Print, in exact form, the lines below from the one containing "Image number 9" through the one containing "Photograph by Viktorija Bočarova", and omit all others.

:: Supplied entries ::
----------

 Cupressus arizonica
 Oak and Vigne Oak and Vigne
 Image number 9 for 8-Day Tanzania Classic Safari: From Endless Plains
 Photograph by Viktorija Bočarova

----------

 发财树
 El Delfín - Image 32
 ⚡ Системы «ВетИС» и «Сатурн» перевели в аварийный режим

----------

:: Solution for this task ::
 Image number 9 for 8-Day Tanzania Classic Safari: From Endless Plains
 Photograph by Viktorija Bočarova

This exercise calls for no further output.